Estas mergulhadoras reverteram o papel da mulher e do homem em determinadas comunidades num Japão muito conservador.

Nas décadas de 1960 e 1970 o trabalho das amas tornou‑se de tal forma lucrativo que em muitos lares os homens deixaram de trabalhar, passando às mergulhadoras a responsabilidade de assegurar a sobrevivência familiar. «Os homens dizem que as mulheres têm mais gordura e suportam mais o frio e é por isso que conseguem fazer este trabalho», explica Cláudia Varejão, acrescentando que o ofício é extremamente perigoso e que as mortes não são raras porque por vezes as mergulhadoras ficam presas nas algas do fundo do mar.

Em nenhum momento se questiona por que razão as amas continuam a arriscar a vida desta forma. No início do filme, uma das personagens aproxima‑se de uma explicação: «Há todo um mundo maravilhoso por entre as rochas. Mas é preciso coragem para o conhecer. Sem monstros não haveria aventura. As mulheres dizem que o trabalho de ama é o inferno. Muitas vezes pergunto‑me por que escolhi um trabalho tão duro.

Já aconteceu tanta coisa. Ao olhar para trás, vem‑me as lágrimas aos olhos. Em japonês a isto chama‑se harabanjo. São os mares agitados que sobem e descem, e que podem levar‑nos a todos. Todos os dias são difíceis, mas todos os dias aprendo.»

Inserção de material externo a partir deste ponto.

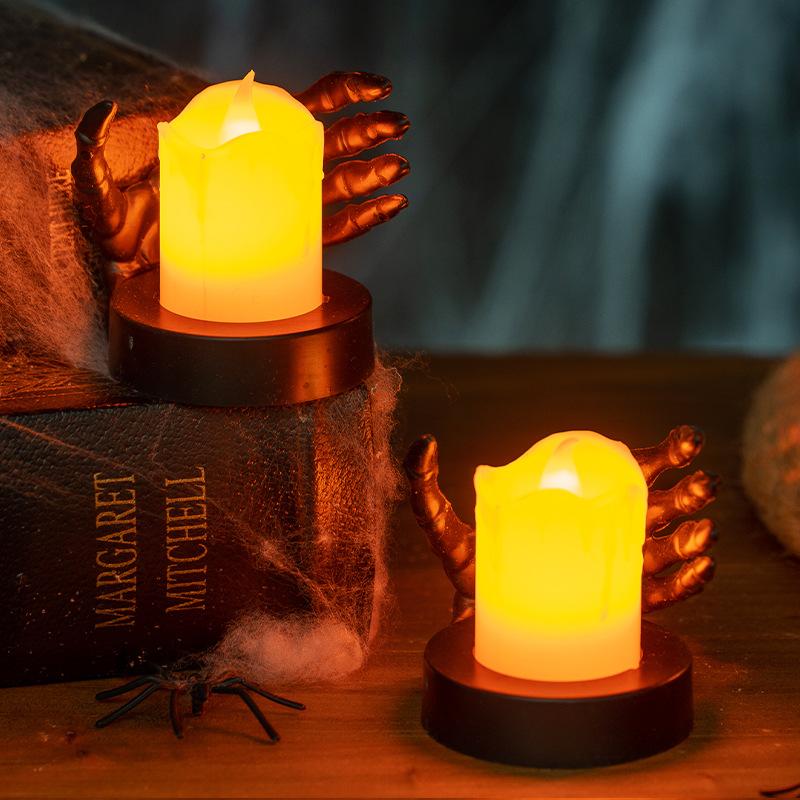 Décorations d'Halloween Bougie LED Lumière Lampe Araignée en Plastique Pour Maison Maison Hantée Bar Décoration de Fête d'Halloween Accessoires d'Horreur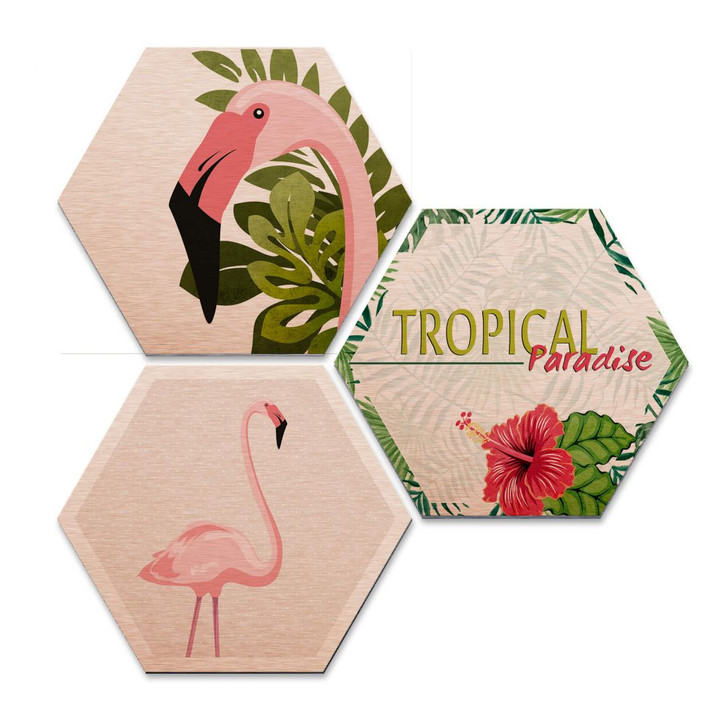 Hexagon - Alu-Dibond-Kupfereffekt - Flamingo 03 (3er Set) - WA233205
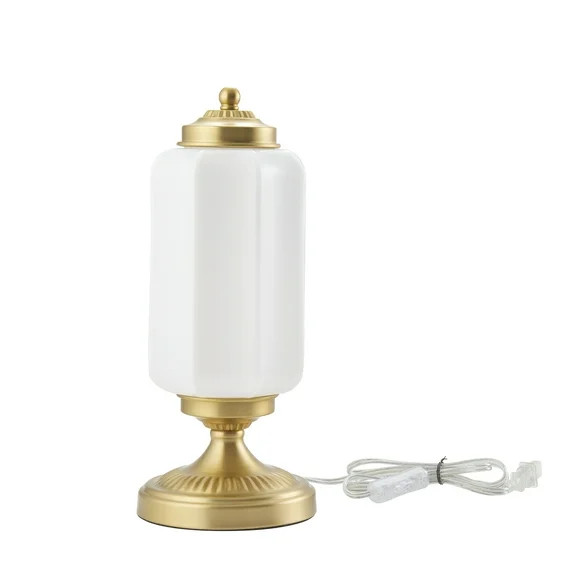 My Texas House 15" Brass Glass Shade Table Lamp - Walmart.com | Walmart (US)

A bravura destas mulheres é o ponto de partida de Ama‑San. Apesar disso, a sua coragem não é sublimada em nenhum momento porque não é necessário sublimá‑la. Basta ouvir o silêncio do fundo do mar quando Mayumi se desembaraça das gigantescas algas submarinas e ataca o pedregulho que esconde o valioso abalone. Fá‑lo sem hesitações, como um leão que ataca e devora uma gazela em minutos, enquanto o espetador se imagina a asfixiar.

As amas preferiram que Cláudia não mergulhasse. Apesar disso, Cláudia pensa compreender a determinação que as motiva, identificando‑se com elas em certos momentos. «É o impulso predador. Tenho aprendido que filmo dessa forma – chego e sei onde quero colocar a câmara. Tal como a Mayumi, um verdadeiro lobo-do-mar, implacável, sem remorsos de caçar todos os dias.» Esse terá sido o único momento em que não pôde colocar a câmara onde quis.

A vivência diária com estas mulheres ao longo de mais de um mês aproximou Cláudia de algumas mergulhadoras.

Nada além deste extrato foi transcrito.